Mich machte diese Entwicklung sehr traurig. Ich hatte Johanna als eine aktive, dem Leben zugewandte und allem Neuen aufgeschlossene Frau kennengelernt. Sie war mein Vorbild gewesen. Uns trennten 17 Jahre, so wie sie wollte ich älter werden. Das war nun nicht mehr der Fall, doch habe ich aus ihrer Situation einiges gelernt.
Fähigkeiten brauchen Übung
Fahrrad fahren, so sagt man, verlernt man nicht. Die Grundfertigkeiten wohl nicht, aber die Geschicklichkeit und die Sicherheit im Verkehr wird abnehmen, wenn man nicht ständig in Übung bleibt. Auch das Vertrauen in die eigenen Fähigkeiten wird schwinden. Noch mehr gilt das für die geistigen Fähigkeiten. Wenn wir diese brach liegen lassen, gerät vieles in Vergessenheit: „Wie ging das nochmal?“
Freundschaften wollen gepflegt werden
„Lass auf dem Weg zum deinem Freund kein Gras wachsen“, so lautet ein Sprichwort. Und Gras wächst, wenn wir den Weg nicht gehen. Der Faden zu Freunden wird dünner, je weniger Kontakt wir haben, bis er eines Tages ganz reißt. Das muss nicht bei allen Freundschaften zutreffen, manche halten auch, wenn man sich lange nicht sieht. Doch darauf verlassen sollte man sich nicht. In dieser umtriebigen Zeit, in der zusätzlich die räumliche Distanz persönliche Besuche vereitelt, bleibt doch die Möglichkeit, mit einem Anruf, einer Email oder einer elektronischen Nachricht kurz anzudocken: „Wie geht es dir? Was machst du? Ich denk an dich:“ Wir müssen nur den Spieß umdrehen und uns fragen, ob wir uns über solche kleine Zeichen nicht freuen würden. Denn regelmäßiger Kontakt stärkt die Verbundenheit.
Flexibilität und Spontaneität entstehen durch Wandel
Wer vieles auf die Reihe bringen muss, schafft auch viel. Das ist nicht nur meine eigene Erfahrung, das beobachte ich auch in meinem Umfeld. Im Gegensatz dazu die Menschen, deren Alltag im immer gleichen Muster abläuft: Sie vergessen auch den einen Termin in der Woche. Je weniger wir uns neuen Herausforderungen, neuen Rhythmen stellen, desto schwerfälliger werden wir. Es geht nicht darum, das ganze Leben immer wieder neu zu erfinden, doch in einigen Bereichen haben wir immer die Möglichkeit: Wir können neue Gerichte ausprobieren, andere Menschen treffen, uns mit unbekannten Themen auseinandersetzen oder etwas Neues lernen. Geben wir Dinge nicht freiwillig auf, um sie später wieder zu aktivieren. Das funktioniert nicht oder nur schwer. Wir sollten uns nicht einreden, dass wir im Alter eingeschränkt sind, sondern lieber den Gegenbeweis antreten, was auch in der dritten Lebensphase (noch) möglich ist. Damit tun wir uns selbst den größten Gefallen. Das Leben ist Veränderung, Veränderung heißt Lebendigkeit.

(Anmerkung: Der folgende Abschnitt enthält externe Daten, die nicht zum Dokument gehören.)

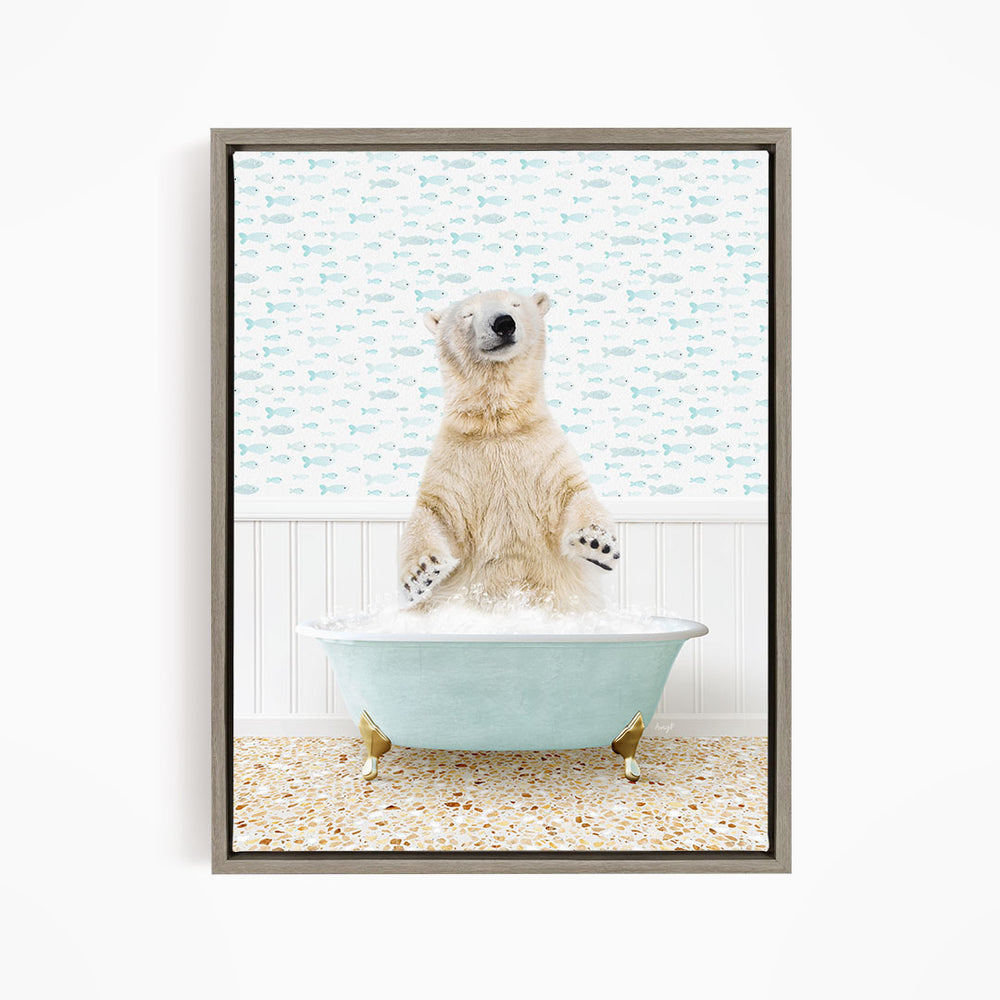 A polar bear standing in a bathtub filled with water, surrounded by a pattern of fish.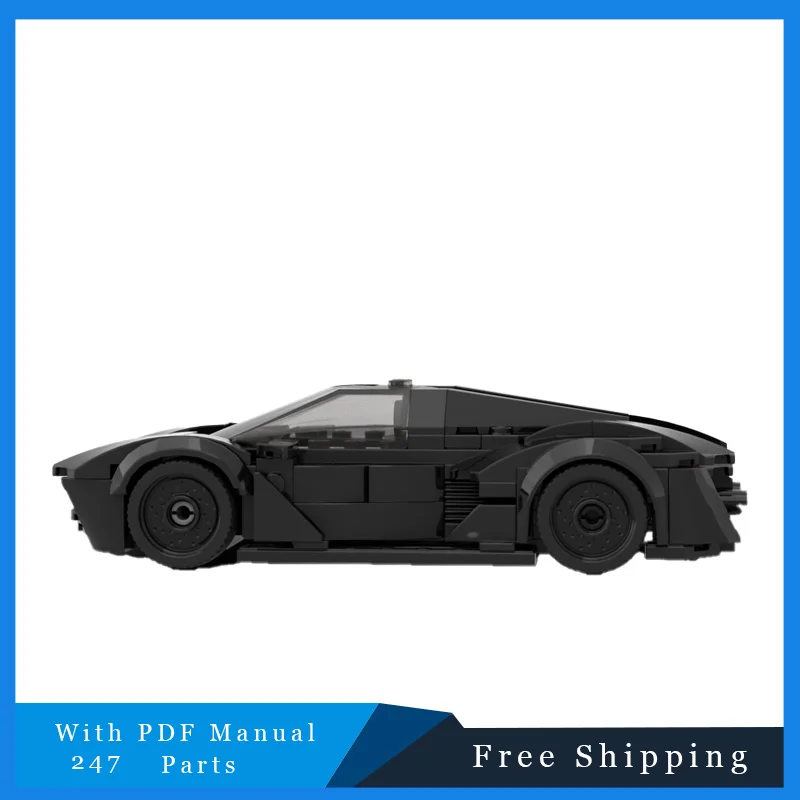 247 PCS MOC Building Blocks Technical Luxury Black Supercar Model Creative Education DIY Assembly Toys Set Kids Christmas Gifts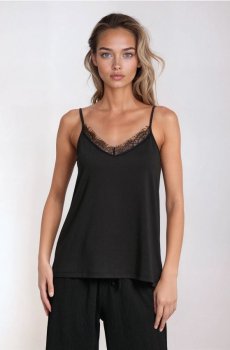 Топ на бретельках з декоративною мереживом - чорний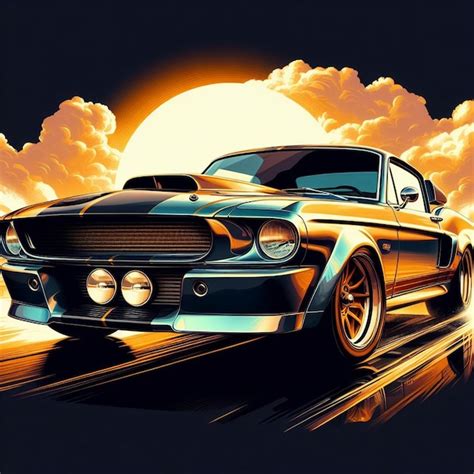 Impressive Shelby Ford Mustang Eleanor Car GT500 Vector Art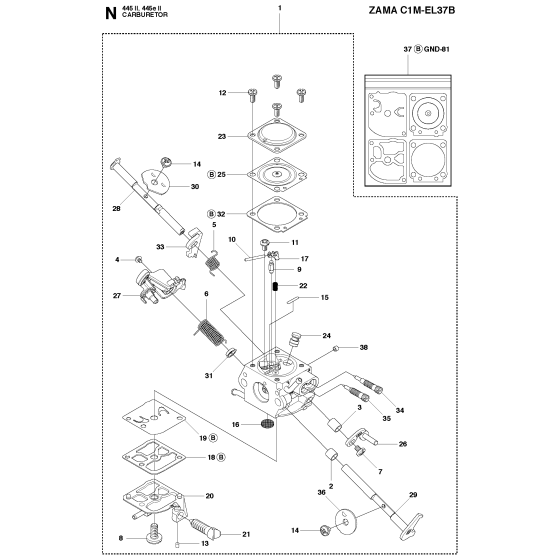 Carburetor Assembly for 445eii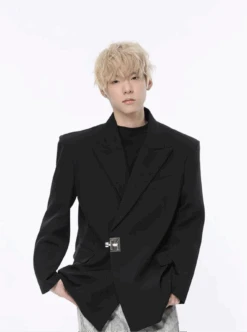 Asymmetric Structured Blazer With Lock Clasp Detail -Modern Wear Shop 84f97e16dfc249bb86b4510f00d0b6e0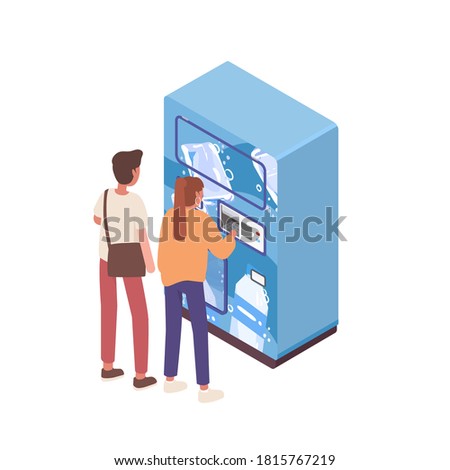 Couple buying water in automatic vending machine vector isometric illustration. Male and female paying for refreshing beverage at public apparatus isolated. Girl and boy use self service technology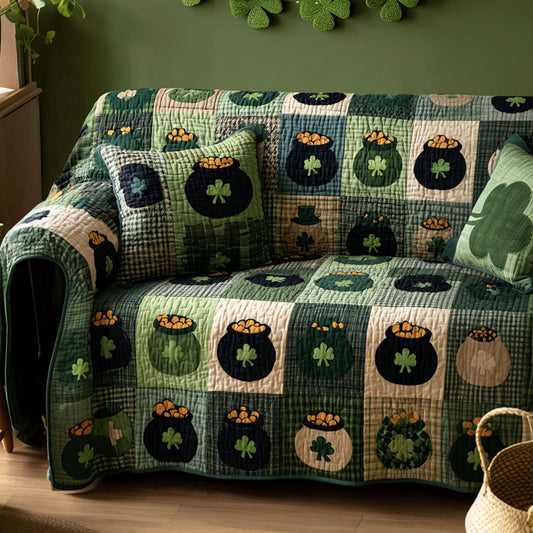 Green Harmony Quilted Sofa Cover NCU0NT12027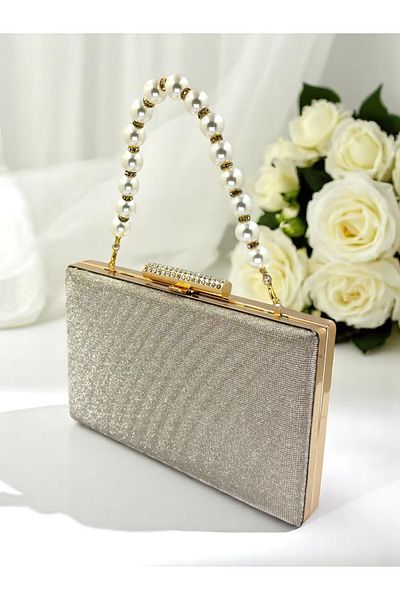 Biçanta Dot Pattern Gold Gold Gold Color Women's Evening Dress Bag Wedding Engagement Graduation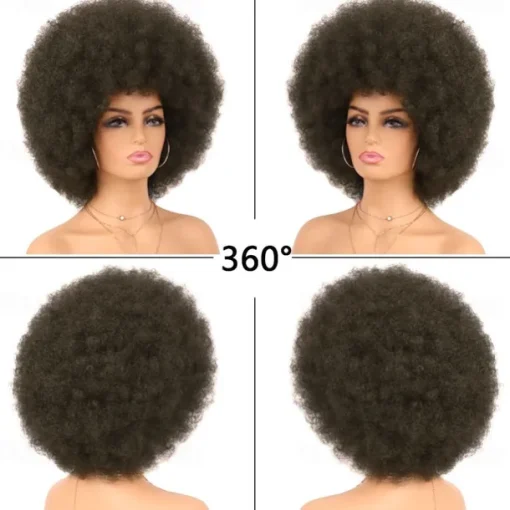 Cosplay Wigs Afro Puff Wigs for Women Short Afro Kinky Curly Wig Heat Resistant Synthetic Hair Fluffy Soft Natural Looking Wig for Black Women Halloween Wigs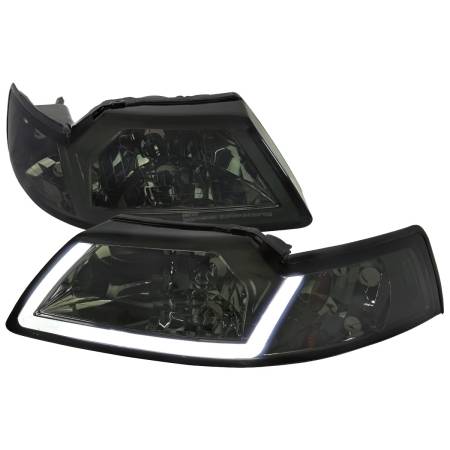 Spec'D Tuning Products - Spec-D 1999-2004 Ford Mustang LED Bar Factory Style Headlights with Amber Reflector (Chrome Housing/Smoke Lens)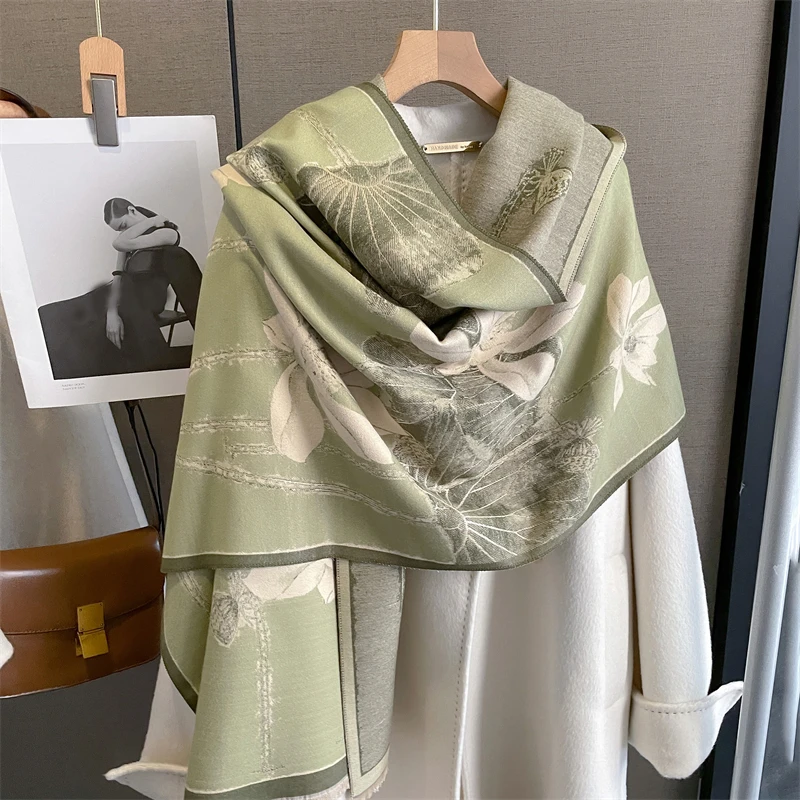 

2023 Double Sided Luxury Thick Warm Scarves Winter Female Scarf Imitation Cashmere Bufanda Design Pashmina Shawls and Wraps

Geist und Körper wollen trainiert werden
Wussten Sie, dass der Körper ab dem 30. Lebensjahr bis zu ein Prozent Muskeln pro Jahr abbaut? Bis zum 80. Geburtstag reduziert sich die Muskelmasse um 40 Prozent. Muskeln halten unser Knochengerüst zusammen, sie helfen, die Balance zu halten, was wiederum Stürze verhindert. Auch wenn Sie längere Zeit keinen Sport gemacht und sich auch sonst im Alltag wenig bewegt haben, ist es nie zu spät, dieser Entwicklung entgegenzuwirken. Ähnliches gilt für den Geist. Auch wer muss, soll er aufnahmefähig und aktiv bleiben, gefordert werden. Sudoku und Kreuzworträtsel reichen dafür nicht aus: Etwas Neues lernen, sich mit unbekannten Themen beschäftigen oder Lösungen für ein kniffliges Problem suchen, das ist der Weg.